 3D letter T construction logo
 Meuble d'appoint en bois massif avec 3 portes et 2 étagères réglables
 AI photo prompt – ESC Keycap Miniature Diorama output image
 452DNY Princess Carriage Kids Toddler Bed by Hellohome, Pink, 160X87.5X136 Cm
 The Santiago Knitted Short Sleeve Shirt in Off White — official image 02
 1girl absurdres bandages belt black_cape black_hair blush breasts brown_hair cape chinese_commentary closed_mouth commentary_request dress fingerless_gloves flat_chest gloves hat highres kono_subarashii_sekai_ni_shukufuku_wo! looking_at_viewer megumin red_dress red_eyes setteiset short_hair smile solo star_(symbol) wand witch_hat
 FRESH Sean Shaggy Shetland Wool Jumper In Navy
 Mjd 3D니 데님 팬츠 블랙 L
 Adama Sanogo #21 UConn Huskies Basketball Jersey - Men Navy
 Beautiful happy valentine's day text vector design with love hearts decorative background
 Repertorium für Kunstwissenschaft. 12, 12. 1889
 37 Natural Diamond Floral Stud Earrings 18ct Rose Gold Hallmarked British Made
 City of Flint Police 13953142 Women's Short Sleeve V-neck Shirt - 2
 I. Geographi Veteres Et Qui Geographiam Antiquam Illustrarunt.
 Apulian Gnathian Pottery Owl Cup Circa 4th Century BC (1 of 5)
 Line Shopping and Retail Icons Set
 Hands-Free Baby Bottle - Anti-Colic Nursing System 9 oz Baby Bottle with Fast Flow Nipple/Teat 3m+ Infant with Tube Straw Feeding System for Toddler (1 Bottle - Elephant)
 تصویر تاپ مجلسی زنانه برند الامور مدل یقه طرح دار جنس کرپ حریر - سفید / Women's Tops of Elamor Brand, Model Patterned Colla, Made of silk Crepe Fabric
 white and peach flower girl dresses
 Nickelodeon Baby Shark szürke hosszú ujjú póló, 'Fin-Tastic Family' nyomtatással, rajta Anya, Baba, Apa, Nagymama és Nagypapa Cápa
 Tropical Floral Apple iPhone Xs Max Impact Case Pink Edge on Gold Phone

## TASK OBJECTIVE
Pull out every line holding "Gold" from the records above, and copy it.

## PROBLEM SOLUTION
 37 Natural Diamond Floral Stud Earrings 18ct Rose Gold Hallmarked British Made
 Tropical Floral Apple iPhone Xs Max Impact Case Pink Edge on Gold Phone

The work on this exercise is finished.